**YOUR INSTRUCTIONS**: Using the listing below, please print exactly the lines from the one with "Рычаг 3F3091600 Komatsu" through the one with "George Russell: I’m". Leave out every picture.

**THE DATA**:
┄┄┄┄┄┄┄┄┄┄

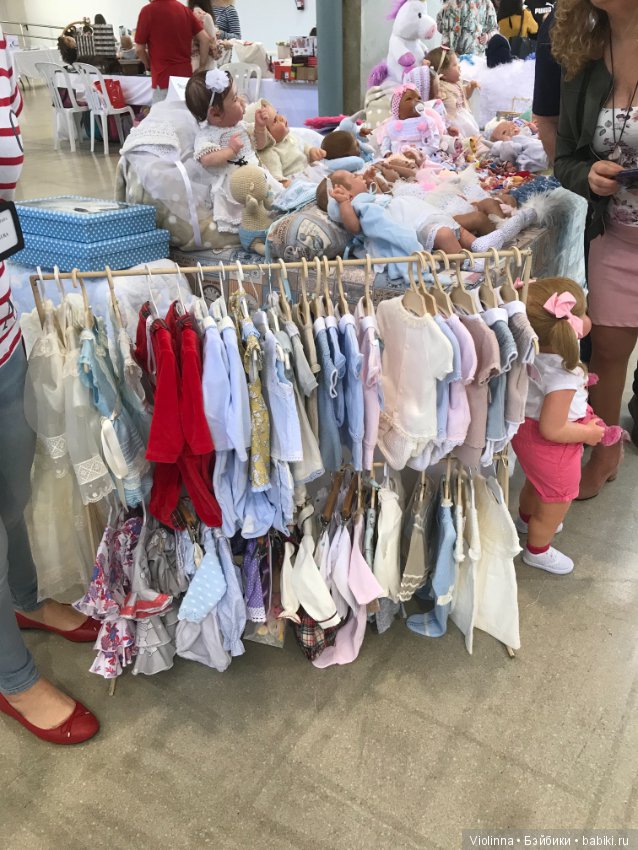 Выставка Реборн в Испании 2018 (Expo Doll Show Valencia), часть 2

┄┄┄┄┄┄┄┄┄┄

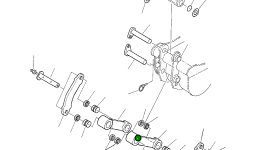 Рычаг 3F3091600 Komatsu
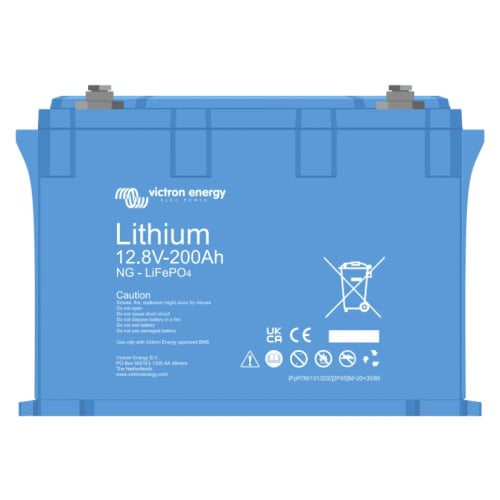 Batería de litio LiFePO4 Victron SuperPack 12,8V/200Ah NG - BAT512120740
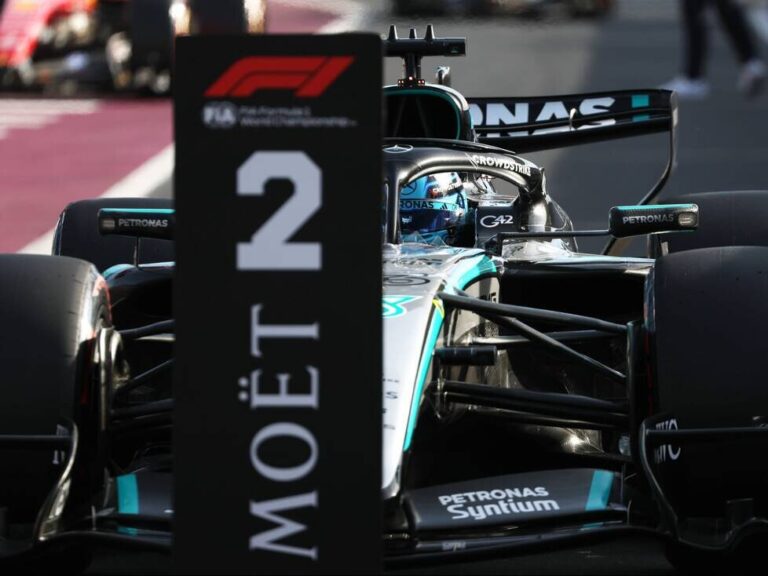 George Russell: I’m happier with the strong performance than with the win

┄┄┄┄┄┄┄┄┄┄

**ANSWER FOR THIS EXERCISE**:
 Рычаг 3F3091600 Komatsu
 Batería de litio LiFePO4 Victron SuperPack 12,8V/200Ah NG - BAT512120740
 George Russell: I’m happier with the strong performance than with the win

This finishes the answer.